# kitchen aid colander and sieve set



## KansasFarmgirl (Jan 1, 2008)

I bought this sight unseen from a neighbor thru my mom without actually knowing what it was. I thought it was something else. So now I want to sell it, but on the box it was crossed out and "K 45" was written in. It had read K5-A-CS. Someone changed it to say K45-A-CS. I guess the store where the neighbor bought it changed it. It's new in the box. 

Does anyone know if it will fit a K4.5 and a K5 Kitchen Aid? I saw an ad on eBay that said a K5 and K4 are two different sizes. I really don't know anything about these things... :shrug:

I'm not a cook or canner. I stay out of the kitchen as much as possible... I have enough kitchen junk I never use. I want to list it the thing on eBay but I'm not sure how to list it so someone would know if it would fit their Kitchen Aid mixer? I tried looking on the Kitchen Aid site and can't even find the thing for sale.

Thanks for any help or suggestions! 

(I'm just guessing this has something to do with canning?)


----------



## sss3 (Jul 15, 2007)

Don't think that goes on a mixer. Says it's a colander; to drain pasta, etc.


----------



## KansasFarmgirl (Jan 1, 2008)

Thanks, Sandra. I wouldn't have known what it was either because it looks so strange, but the neighbor told my mom so I looked on eBay. Her last pic shows it attached. Have a peek here: 

http://www.ebay.com/itm/KITCHENAID-COLANDER-SIEVE-ATTACHMENT-MIXER-4C-KITCHEN-AID-NICE-/200956838120?nma=true&si=a%252FLFD%252BSj57jFeNzVUnsgrRo2NNM%253D&orig_cvip=true&rt=nc&_trksid=p2047675.l2557


----------



## KansasFarmgirl (Jan 1, 2008)

OMG. One sold for $164.50 a month ago with 28 bids on it. Geez! 

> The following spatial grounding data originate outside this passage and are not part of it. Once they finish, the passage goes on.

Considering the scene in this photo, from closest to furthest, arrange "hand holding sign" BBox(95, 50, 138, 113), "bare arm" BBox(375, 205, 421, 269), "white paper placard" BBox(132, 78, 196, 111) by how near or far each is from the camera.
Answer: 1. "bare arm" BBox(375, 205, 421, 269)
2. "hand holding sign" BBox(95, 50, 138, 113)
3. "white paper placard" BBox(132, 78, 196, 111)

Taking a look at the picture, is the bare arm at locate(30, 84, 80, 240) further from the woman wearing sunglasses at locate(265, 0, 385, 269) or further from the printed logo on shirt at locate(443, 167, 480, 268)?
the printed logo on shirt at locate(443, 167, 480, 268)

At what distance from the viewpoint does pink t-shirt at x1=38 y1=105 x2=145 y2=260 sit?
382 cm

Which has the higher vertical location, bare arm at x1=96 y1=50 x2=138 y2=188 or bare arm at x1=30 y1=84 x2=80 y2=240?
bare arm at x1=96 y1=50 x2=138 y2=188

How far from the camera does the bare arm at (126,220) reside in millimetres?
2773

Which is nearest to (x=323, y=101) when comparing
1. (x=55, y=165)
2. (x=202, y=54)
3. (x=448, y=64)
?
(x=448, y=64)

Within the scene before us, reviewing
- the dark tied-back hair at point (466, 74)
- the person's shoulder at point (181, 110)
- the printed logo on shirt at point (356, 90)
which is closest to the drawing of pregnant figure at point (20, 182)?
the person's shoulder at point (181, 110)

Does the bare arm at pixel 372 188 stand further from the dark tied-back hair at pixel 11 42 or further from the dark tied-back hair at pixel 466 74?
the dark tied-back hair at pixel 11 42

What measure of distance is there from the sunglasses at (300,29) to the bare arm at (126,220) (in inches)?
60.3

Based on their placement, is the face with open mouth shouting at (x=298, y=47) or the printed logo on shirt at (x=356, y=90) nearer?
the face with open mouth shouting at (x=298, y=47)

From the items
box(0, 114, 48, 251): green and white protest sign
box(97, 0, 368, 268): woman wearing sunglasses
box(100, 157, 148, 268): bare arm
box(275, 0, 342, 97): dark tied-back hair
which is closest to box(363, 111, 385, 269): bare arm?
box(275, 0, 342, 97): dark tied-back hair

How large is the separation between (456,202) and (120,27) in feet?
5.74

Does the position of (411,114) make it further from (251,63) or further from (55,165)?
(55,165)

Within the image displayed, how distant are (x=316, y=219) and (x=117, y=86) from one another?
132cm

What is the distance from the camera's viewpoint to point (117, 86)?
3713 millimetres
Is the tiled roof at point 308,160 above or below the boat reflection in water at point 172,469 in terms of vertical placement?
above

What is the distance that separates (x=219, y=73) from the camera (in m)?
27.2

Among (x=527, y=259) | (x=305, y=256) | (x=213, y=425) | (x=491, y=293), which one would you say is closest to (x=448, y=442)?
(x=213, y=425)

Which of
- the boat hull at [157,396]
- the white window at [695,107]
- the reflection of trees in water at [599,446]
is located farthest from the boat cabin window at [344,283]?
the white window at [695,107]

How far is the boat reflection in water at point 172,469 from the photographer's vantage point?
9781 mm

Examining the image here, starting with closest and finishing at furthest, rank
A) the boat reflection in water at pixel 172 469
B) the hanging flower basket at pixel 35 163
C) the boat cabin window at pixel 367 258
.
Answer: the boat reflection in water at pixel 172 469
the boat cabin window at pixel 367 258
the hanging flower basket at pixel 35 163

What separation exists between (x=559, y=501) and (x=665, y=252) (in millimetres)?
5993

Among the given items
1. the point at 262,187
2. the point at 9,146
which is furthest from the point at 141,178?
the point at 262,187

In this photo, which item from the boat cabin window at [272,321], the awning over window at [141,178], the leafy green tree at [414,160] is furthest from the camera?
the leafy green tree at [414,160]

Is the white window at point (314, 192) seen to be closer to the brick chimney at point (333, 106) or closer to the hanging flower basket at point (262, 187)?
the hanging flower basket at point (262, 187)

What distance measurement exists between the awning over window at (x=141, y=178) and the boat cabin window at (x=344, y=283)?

http://www.ebay.com/itm/Vintage-KitchenAid-K5-A-CS-Colander-Sieve-Set-For-K5-A-Stand-Mixer-/121162140863?pt=LH_DefaultDomain_0&ssPageName=RSS%3AB%3ASHOP%3AUS%3A101&hash=item1c35d38cbf&nma=true&si=a%252FLFD%252BSj57jFeNzVUnsgrRo2NNM%253D&orig_cvip=true&rt=nc&_trksid=p2047675.l2557


----------



## 7thswan (Nov 18, 2008)

Interesting, does one have to put something under it to collect the juice?


----------



## sss3 (Jul 15, 2007)

Think you're a lot like me. DS says I'm always putting the cart before the horse. That pic isn't a very good one. So not sure you're talking about the same thing. Also, in ad, says vintage. That would explain the discrepancy. If it is vintage, there's no way it would fit a newer mixer.


----------



## Kathy in MD (May 30, 2002)

that's cool looking...it might fit your mixer try it...i bought an old grinder/slicer and fits my kitchen aid...

7th...it' probably fits into the bowl to catch the juices...


----------



## sss3 (Jul 15, 2007)

After looking again at your pic, it strikes me as being vintage. Box, papers, etc. If so, big congrats to you.


----------



## Kristinemomof3 (Sep 17, 2012)

I would guess just a 4.5


----------



## calliemoonbeam (Aug 7, 2007)

This is a very old manual (PDF file), but on page 12 it shows an older model of the colander and sieve and tells how to use it. It apparently just fits down inside the bowl that comes with the mixer.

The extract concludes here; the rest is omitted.